_How to complete this task_
Pictures aside, return all of the records exactly as they stand.

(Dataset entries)
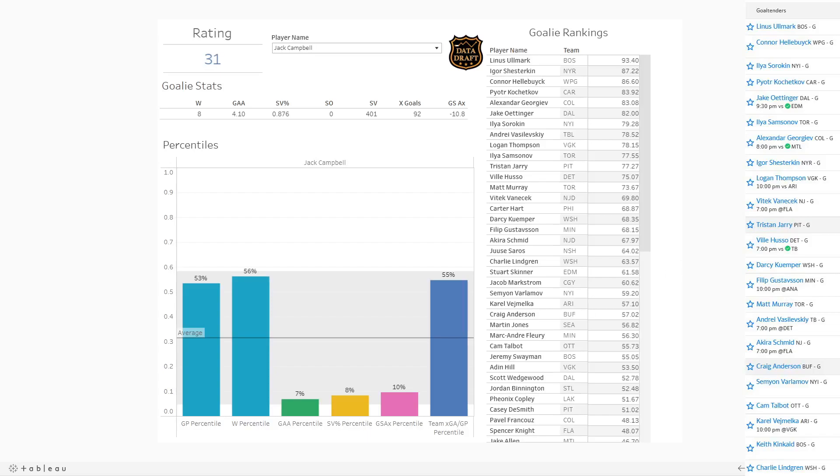But yeah, that's going to do it for this video. Just wanted to give you guys a quick sense of how you can use this 2223 goaltending hub. But that's going to do it. And I appreciate you watching and sticking with it to the end. And I'll see you in the next one.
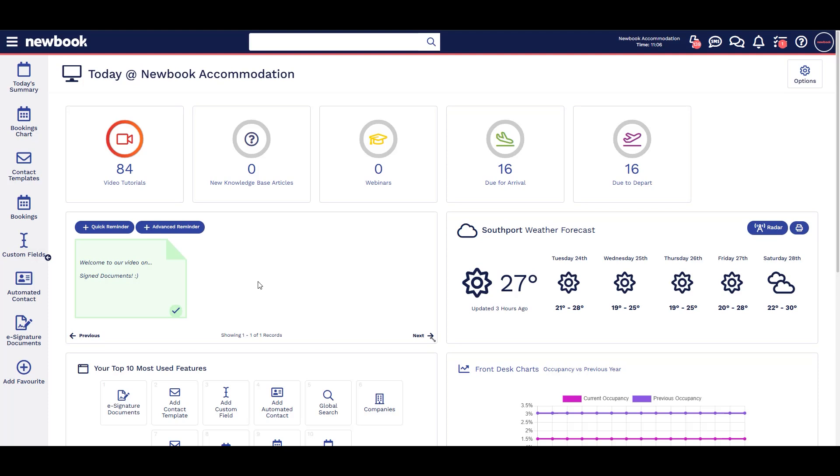Paperless check-in lets guests complete a registration form via email or SMS before arrival with an option to use the tablet during check-in.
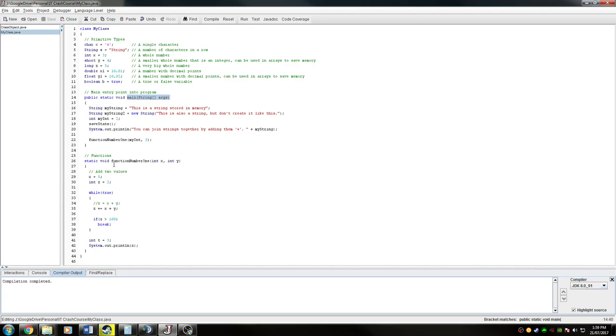Then I'll go through functions, so this is a function. Then I'll have to do something on loops, so this is a loop here.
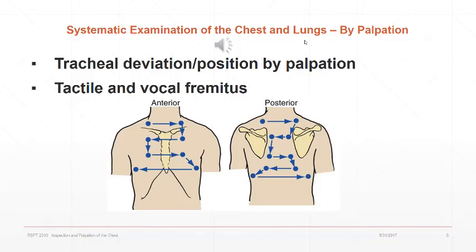Atelectasis, which causes lung volume loss on the affected side, causes the trachea to deviate toward the side of atelectasis. These findings are especially important for a patient on a ventilator who is deteriorating — to determine whether the problem is atelectasis, which may occur when the endotracheal tube shifts into the right main stem bronchus, or whether there's a pneumothorax, which may be a life-threatening condition requiring immediate determination and treatment.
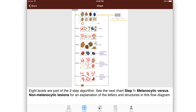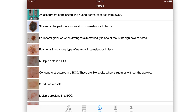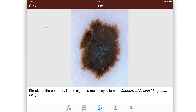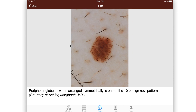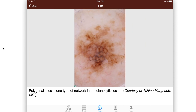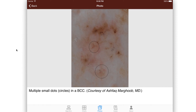All the photos that are used in the examples are visible just as photos. So if you want to see examples of streaks, peripheral globules, polygonal lines — here we have multiple small dots within a basal cell carcinoma — so lots of examples of dermoscopy.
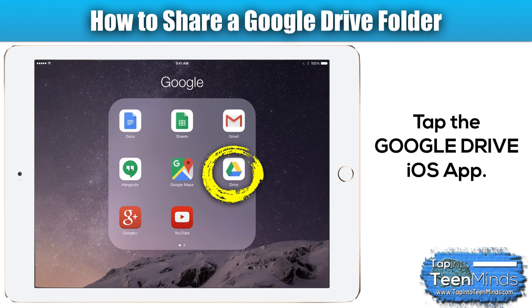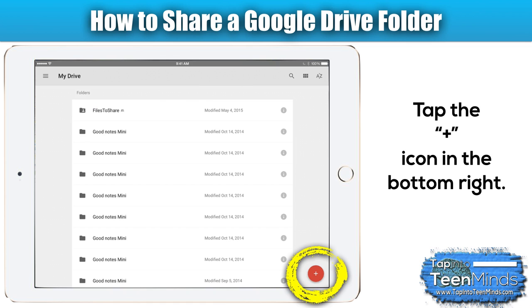The first thing you're going to do is launch the Google Drive iOS app by tapping on the app. Once you're in the app, if it's a new account you probably won't have any files. If you have files in your account already, you're going to notice a list.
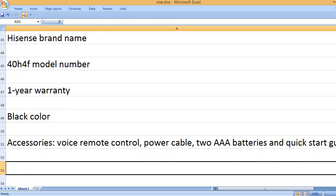Accessories: voice remote control, power cable, two AAA batteries, and quick start guide.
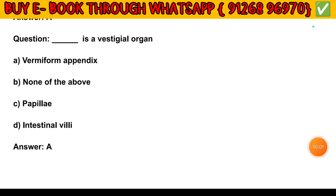Question number 16. Which of the following is a vestigial organ? Option A — Vermiform appendix.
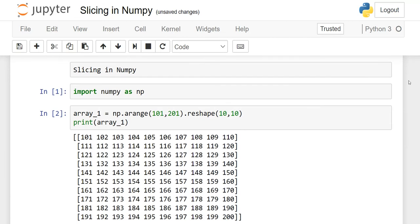I hope slicing in NumPy is clear to you. Please practice it. See you in the next lesson, and thank you.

_Response for this exercise_
But yeah, that's going to do it for this video. Just wanted to give you guys a quick sense of how you can use this 2223 goaltending hub. But that's going to do it. And I appreciate you watching and sticking with it to the end. And I'll see you in the next one.
Paperless check-in lets guests complete a registration form via email or SMS before arrival with an option to use the tablet during check-in.
Then I'll go through functions, so this is a function. Then I'll have to do something on loops, so this is a loop here.
Atelectasis, which causes lung volume loss on the affected side, causes the trachea to deviate toward the side of atelectasis. These findings are especially important for a patient on a ventilator who is deteriorating — to determine whether the problem is atelectasis, which may occur when the endotracheal tube shifts into the right main stem bronchus, or whether there's a pneumothorax, which may be a life-threatening condition requiring immediate determination and treatment.
All the photos that are used in the examples are visible just as photos. So if you want to see examples of streaks, peripheral globules, polygonal lines — here we have multiple small dots within a basal cell carcinoma — so lots of examples of dermoscopy.
The first thing you're going to do is launch the Google Drive iOS app by tapping on the app. Once you're in the app, if it's a new account you probably won't have any files. If you have files in your account already, you're going to notice a list.
Accessories: voice remote control, power cable, two AAA batteries, and quick start guide.
Question number 16. Which of the following is a vestigial organ? Option A — Vermiform appendix.
I hope slicing in NumPy is clear to you. Please practice it. See you in the next lesson, and thank you.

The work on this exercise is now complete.